You are viewing a plain text version of this content. The canonical link for it is here.
Posted to solr-user@lucene.apache.org by Thomas Tickle <th...@gm.com> on 2016/11/10 22:09:17 UTC

CDCR: Help With Tlog Growth Issues

I am having an issue with cdcr that I could use some assistance in resolving.

I followed the instructions found here: https://cwiki.apache.org/confluence/pages/viewpage.action?pageId=62687462

The CDCR is setup with a single source to a single target.  Both the source and target cluster are identically setup as 3 machines, each running an external zookeeper and a solr instance.  I've enabled the data replication and successfully seen the documents replicated from the source to the target with no errors in the log files.

However, when examining the /cdcr?action=QUEUES command, I noticed that the tlogTotalSize and tlogTotalCount were alarmingly high.  Checking the data directory for each shard, I was able to confirm that there was several thousand logs files of each 3-4 megs.  It added up to almost 35 GBs of tlogs.  Obviously, this amount of tlogs causes a serious issue when trying to restart a solr server after activities such as patch.

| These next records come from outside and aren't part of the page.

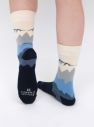 Tmavomodré unisex ponožky s motívom hôr Fusakle Kriváň galéria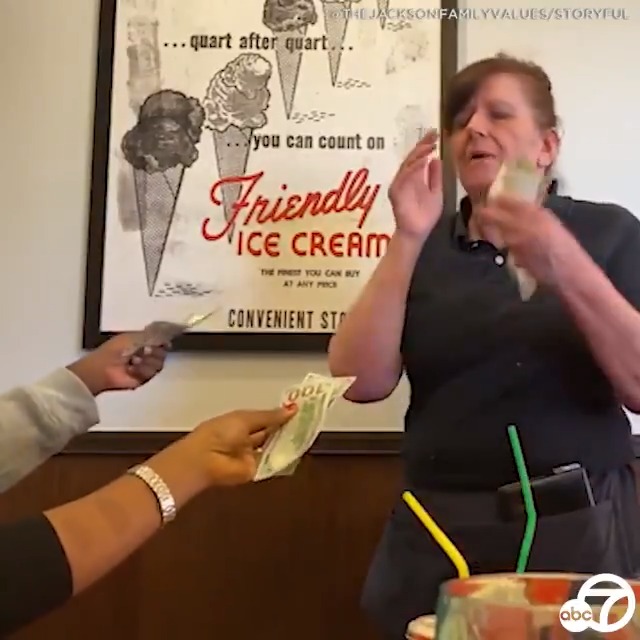 RANDOM ACT OF KINDNESS: A waitress working on Christmas Eve was brought to tears by a family seated at her table, giving her a stunning $500 tip for her hard work over the holidays 😭❤️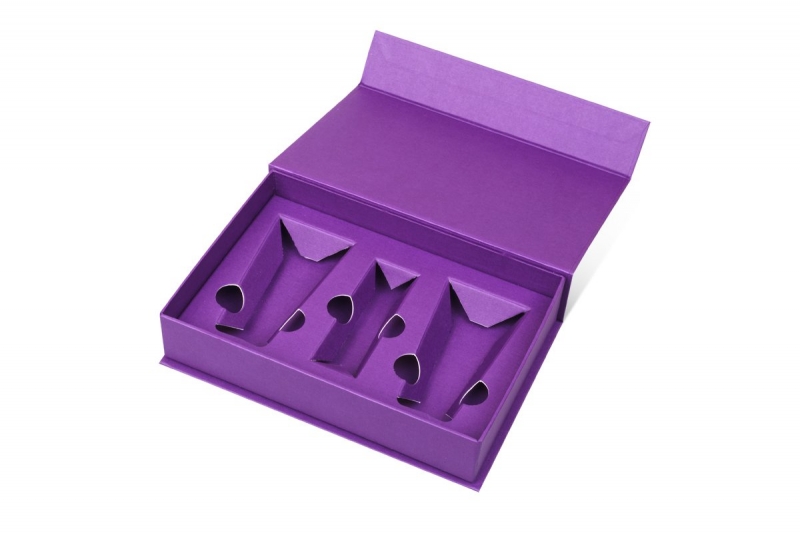 Подарочная коробка с картонным ложементом в Москве, производство на заказ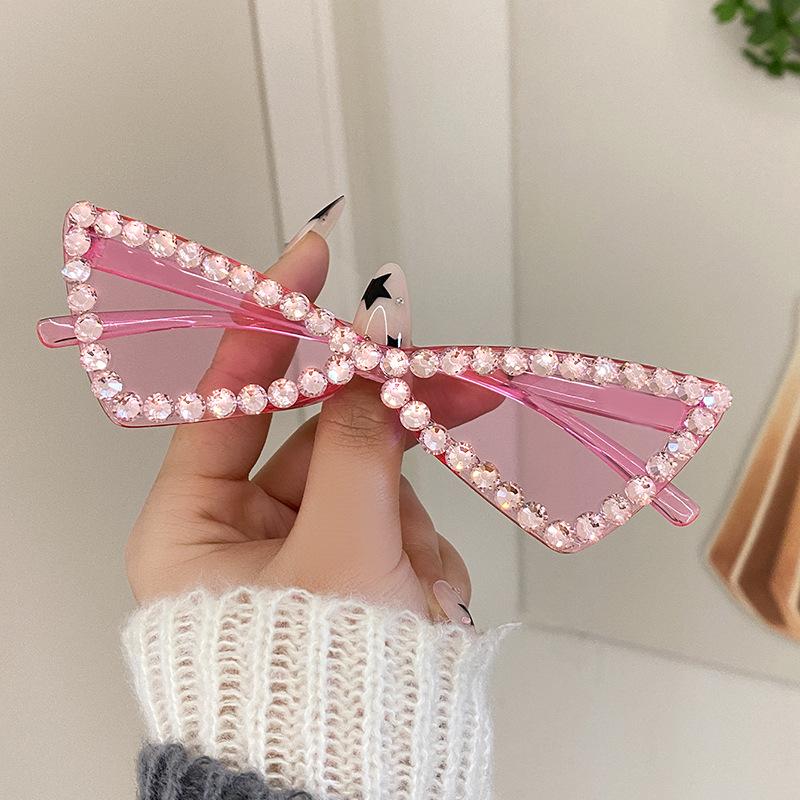 Luxury Cat Eye Rhinestone Classic Sunglasses Noble Luxury Designer Triangle Glasses Uv400 Trend Lunettes De Soleil Pour Femmes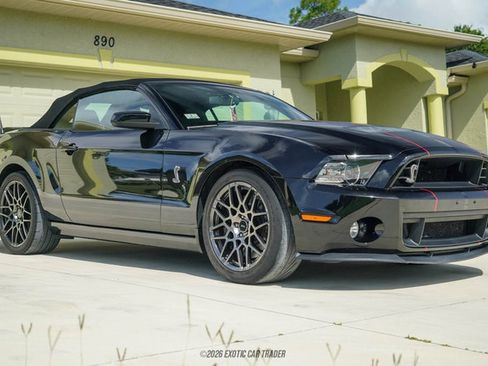 Used 2014 Ford Mustang Shelby GT500 w/ Equipment Group 821A RWD image 16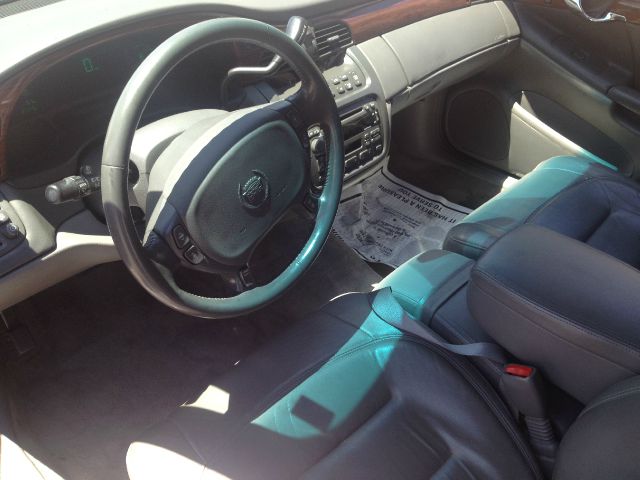 2001 Cadillac Deville Base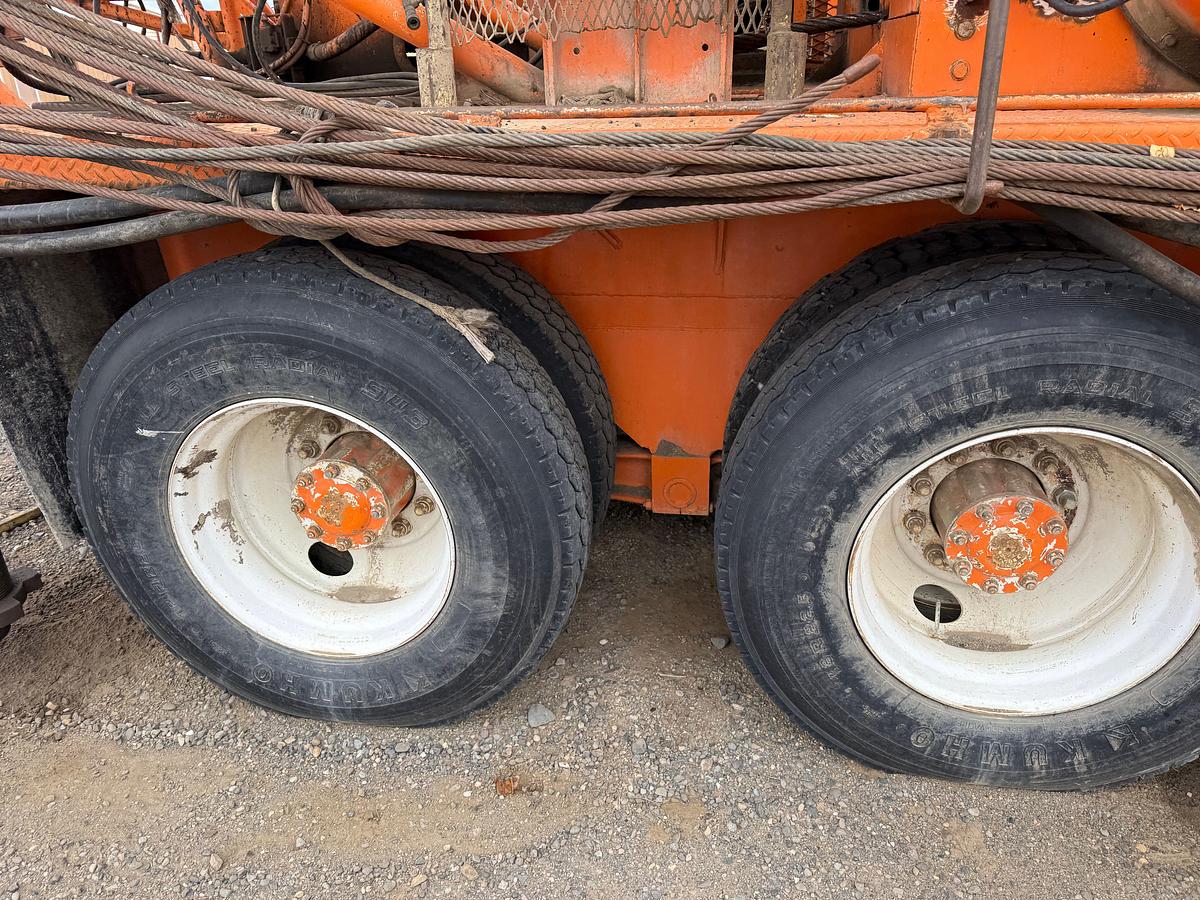 Used 1984 FRANKS MOBILRIG 300 1287/160 DTD-HT 96’-215K 4-AXLE WELL SERVICE WORKOVER RIG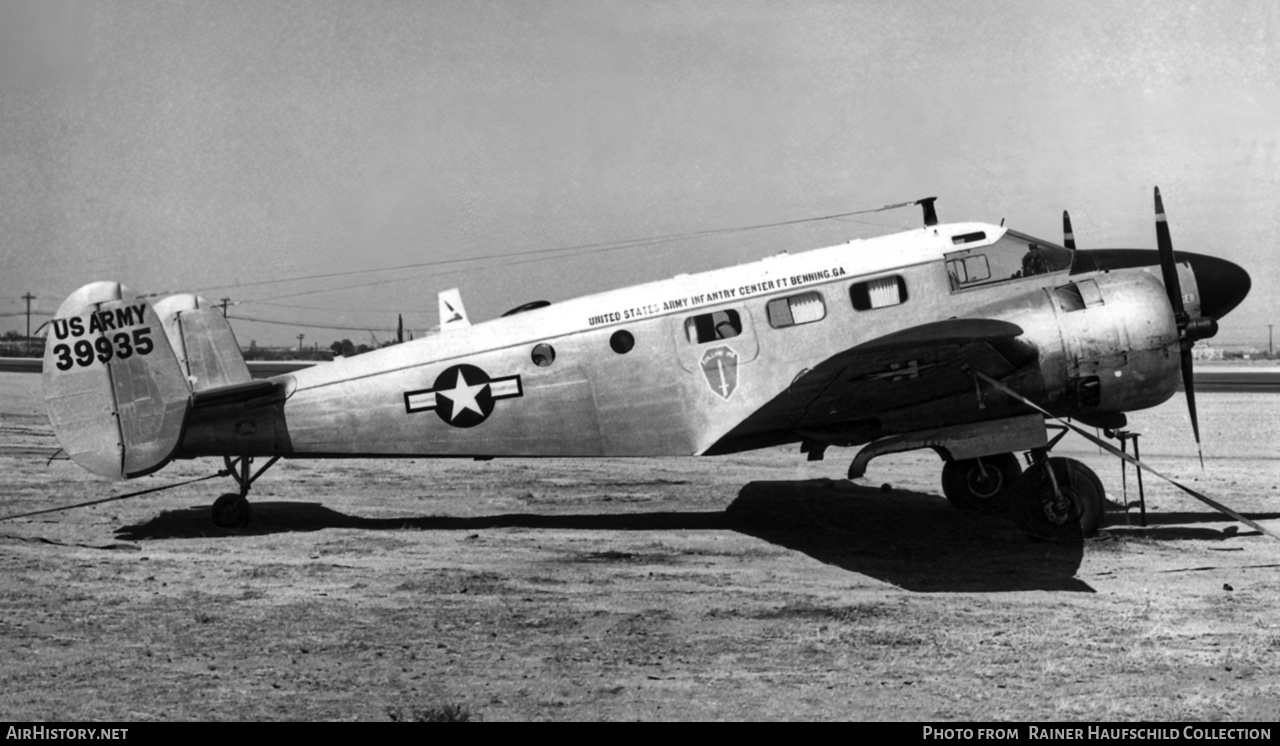 Aircraft Photo of 39935 | Beech TC-45J Expeditor | USA - Army | AirHistory.net #656444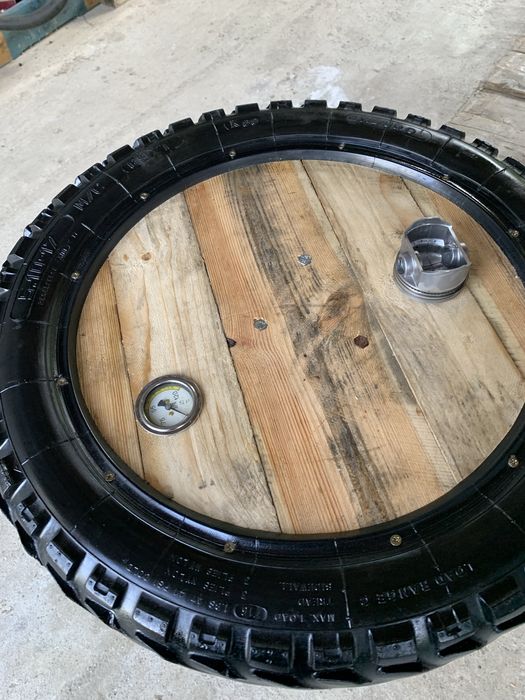 Masa rustica de vanzare si alt mobilier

Is it normal for old tlogs to never get removed in a CDCR setup?


Thomas Tickle



Nothing in this message is intended to constitute an electronic signature unless a specific statement to the contrary is included in this message.

Confidentiality Note: This message is intended only for the person or entity to which it is addressed. It may contain confidential and/or privileged material. Any review, transmission, dissemination or other use, or taking of any action in reliance upon this message by persons or entities other than the intended recipient is prohibited and may be unlawful. If you received this message in error, please contact the sender and delete it from your computer.

Re: CDCR: Help With Tlog Growth Issues

Posted by Renaud Delbru <re...@siren.solutions>.
Hi Shalin,

when the buffer is enabled, tlogs are not removed anymore, even if they 
were replicated [1]:
"When buffering updates, the updates log will store all the updates 
indefinitely. "

Once you disable the buffer, all the old tlogs should be cleaned (the 
next time the tlog cleaning process is triggered).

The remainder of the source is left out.